There would almost certainly be another supervolcano eruption one day, Packham said, adding that mankind was choosing to “experiment” with the atmosphere. He asked: “Do we want that on our conscience?”
Packham said showing the impact of climate change could scare people, but that this was part of his job: “Fear is a motivating emotion.” But he added: “We’re not terrifying people … just telling them what’s really happening.”
Such narratives could be depressing, he said, but “I do think we’ve got the ingenuity – we have the adaptability to survive. [However,] it’s the urgency that makes me despair.
“I don’t think enough of those people who are in the decision-making process are feeling it quite enough yet.”
Packham said society needed to “look at our global governors and make sure we elect people who are going to make those changes assertively and rapidly”. He said he hoped the series would help by showing how unique Earth is.
In a speech he wrote to end the series (which minimised its carbon footprint by filming in as few locations as possible) he argued that the power of humanity could mitigate climate change by “putting Earth first”.
He said the Open University and BBC Studios show had many “wow” moments that he hoped people would discuss “over a pint”, including that fungi once covered Earth and that it rained for 2 million years.
The naturalist is also exploring, for Channel 4, the topic of environmental activism, which he said he was “concerned … probably isn’t working as optimally as it needs to”.
He told the Guardian he had spoken to Greta Thunberg and Attenborough about what they could do next, asking them what happened after their meetings with world leaders: “To paraphrase, they both said, ‘They listened, but then they forgot it the next morning.’”

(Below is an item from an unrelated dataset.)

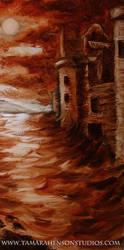 Aaron's Nocturnal: Underpainting Castle Detail by briescha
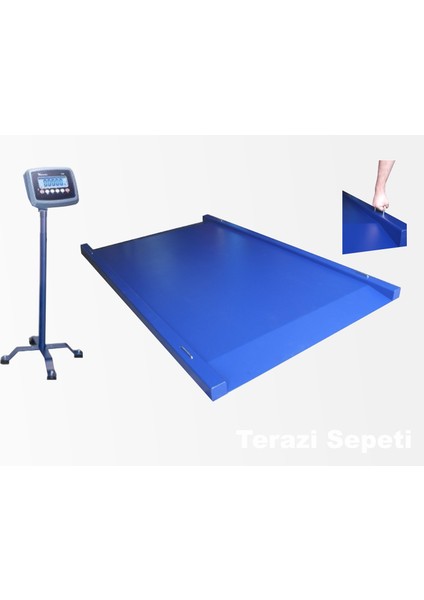 Rcw 600 kg x 200 gr 120 x 150 Rampalı Baskül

Packham is contemplating blocking some climate deniers who follow him on Twitter and told the Guardian that “we need regulation of social media”, saying: “I fear for young people.”
Recently the presenter won a libel case over an online campaign against him which he said highlighted the “oppression and repression that scientists are facing due to social media harassment”.
He downplayed comparisons to Attenborough, saying: “David is still very much alive and kicking. I never consider myself as a parallel to him at all. I think we’re very different – he’s brilliant, and I’m not quite so brilliant.”